» Work to be completed
Skip the pictures and copy all the data that follows exactly.

» Provided material
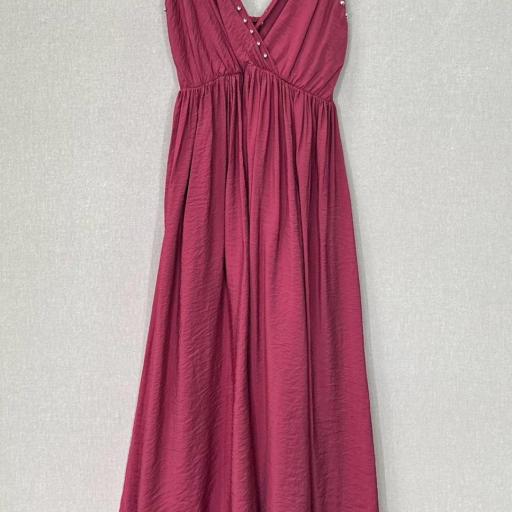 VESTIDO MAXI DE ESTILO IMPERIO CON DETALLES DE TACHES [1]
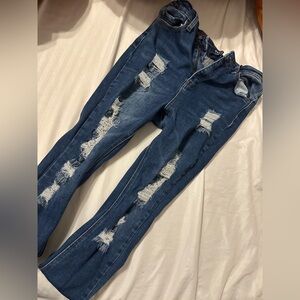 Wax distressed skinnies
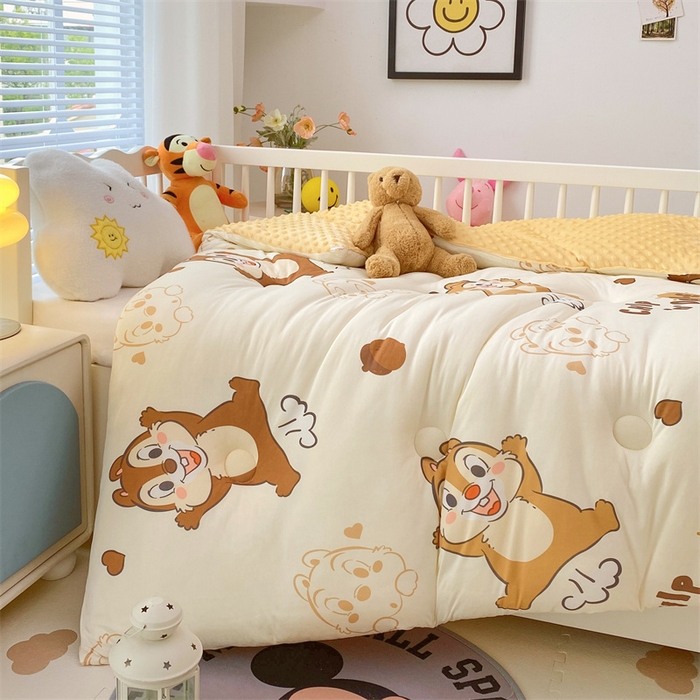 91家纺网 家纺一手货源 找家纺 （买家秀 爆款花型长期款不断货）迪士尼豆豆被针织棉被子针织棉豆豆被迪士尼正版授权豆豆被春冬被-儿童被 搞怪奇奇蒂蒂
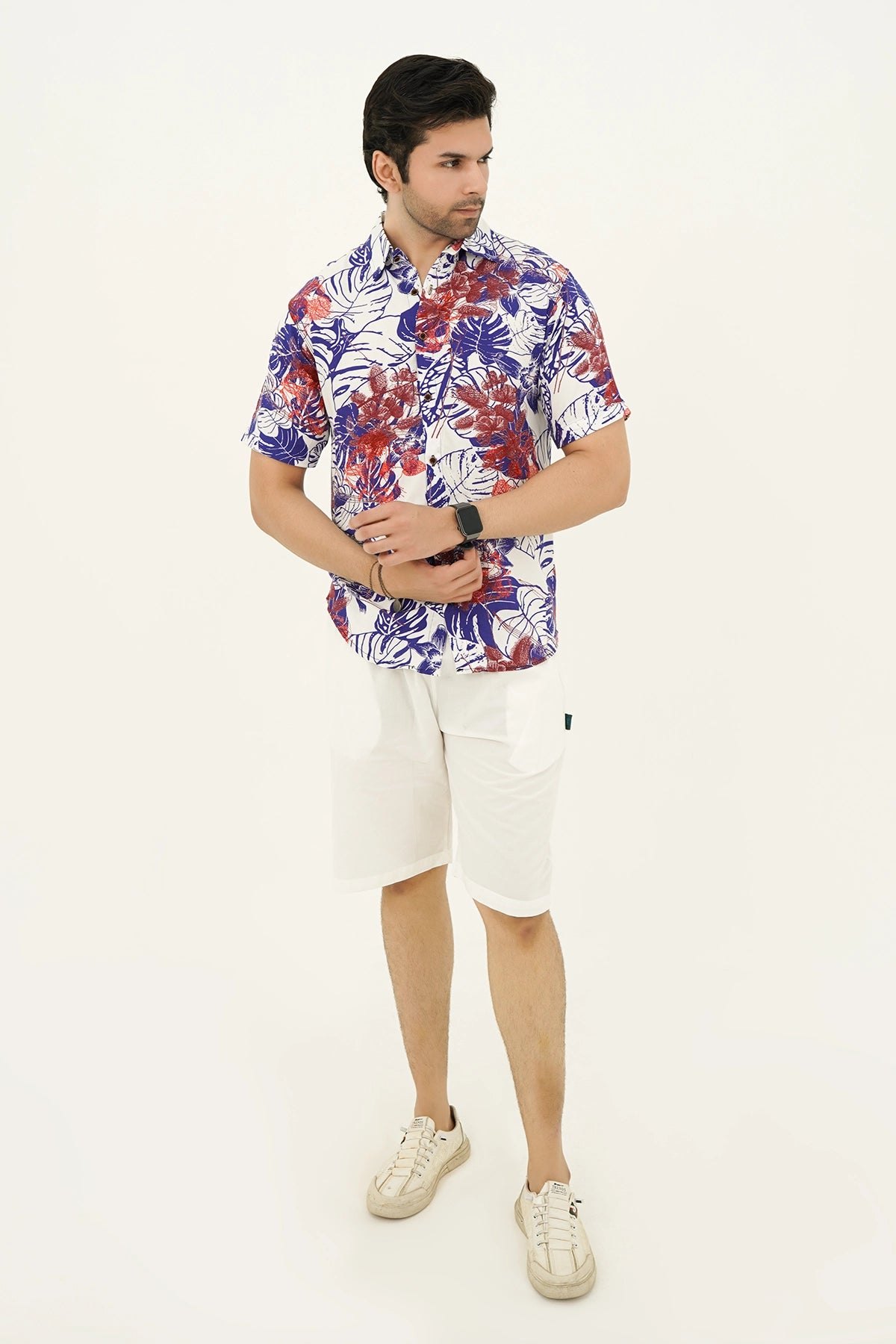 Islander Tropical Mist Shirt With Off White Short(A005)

» Your response
 VESTIDO MAXI DE ESTILO IMPERIO CON DETALLES DE TACHES [1]
 Wax distressed skinnies
 91家纺网 家纺一手货源 找家纺 （买家秀 爆款花型长期款不断货）迪士尼豆豆被针织棉被子针织棉豆豆被迪士尼正版授权豆豆被春冬被-儿童被 搞怪奇奇蒂蒂
 Islander Tropical Mist Shirt With Off White Short(A005)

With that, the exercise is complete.